## Work instructions
Once the line with "Mörkblå och beige rutig boxershorts." has been located in the records below, set down that line and all subsequent lines exactly, omitting the pictures.

(Data extract Opens)

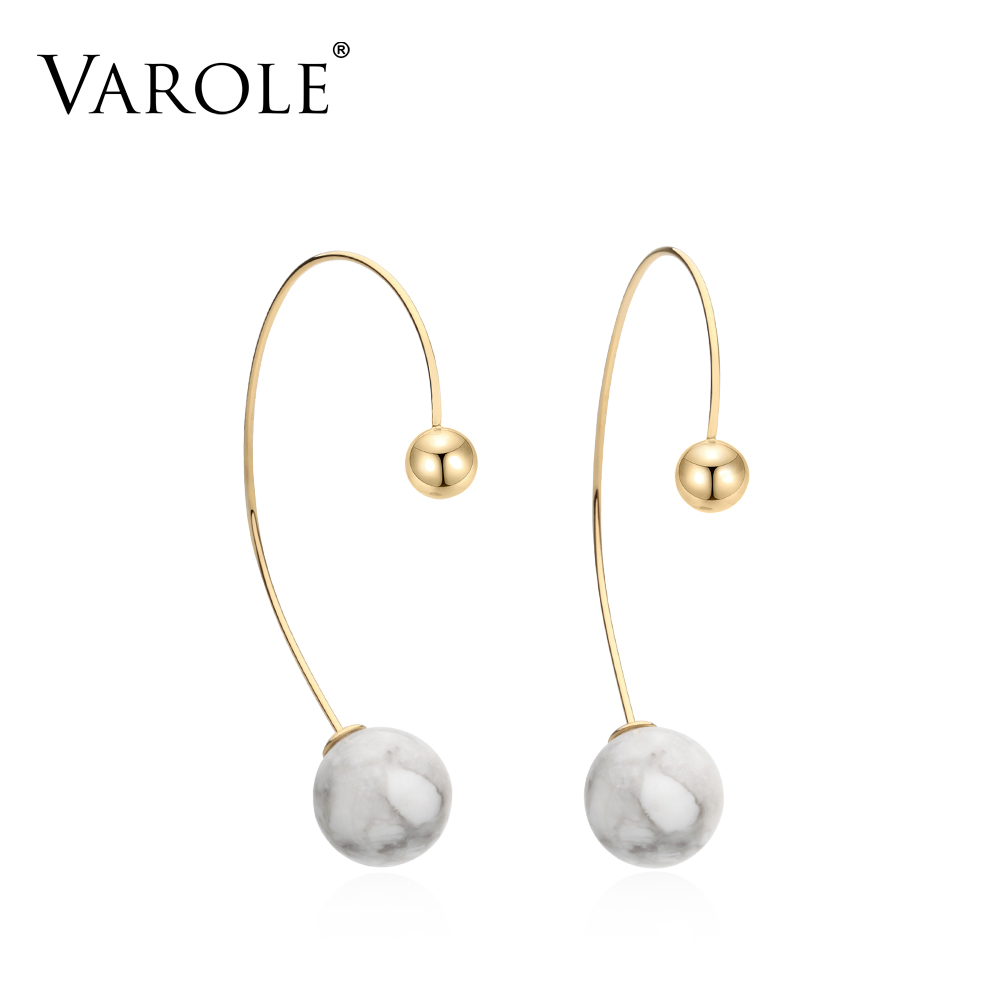 

VAROLE Hypoallergenic Dangle & Drop Turquoise ball Earings Gold Color Stainless Steel Earrings for Women Jewelry Oorbellen Wholesale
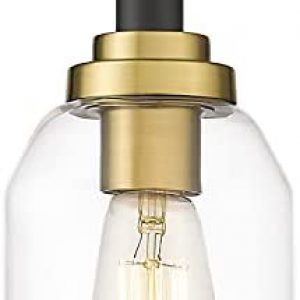 Zeyu Modern Gold Pendant Light, 1-Light Glass Hanging Light for Kitchen Dining Room, Clear Glass Shade, Black and Gold Finish, ZG33M1L BK+BG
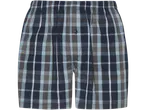 Mörkblå och beige rutig boxershorts.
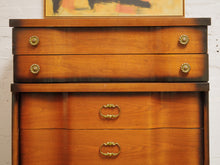 Load image into Gallery viewer, 1950’s Tobacco finish Highboy Dresser by Basset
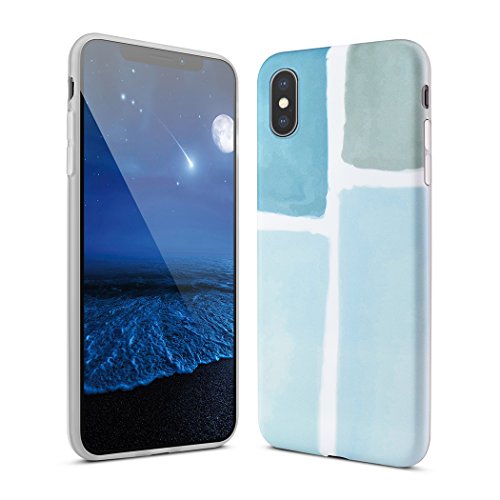 Phone Case Compatible iPhone X/XS,Besvia Shock Absorption Matte TPU Soft Silicone Cover Minimalist Color Block Phone Case Compatible iPhone X/XS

(Data extract Closes)

## Problem solution
 Mörkblå och beige rutig boxershorts.
 Load image into Gallery viewer, 1950’s Tobacco finish Highboy Dresser by Basset
 Phone Case Compatible iPhone X/XS,Besvia Shock Absorption Matte TPU Soft Silicone Cover Minimalist Color Block Phone Case Compatible iPhone X/XS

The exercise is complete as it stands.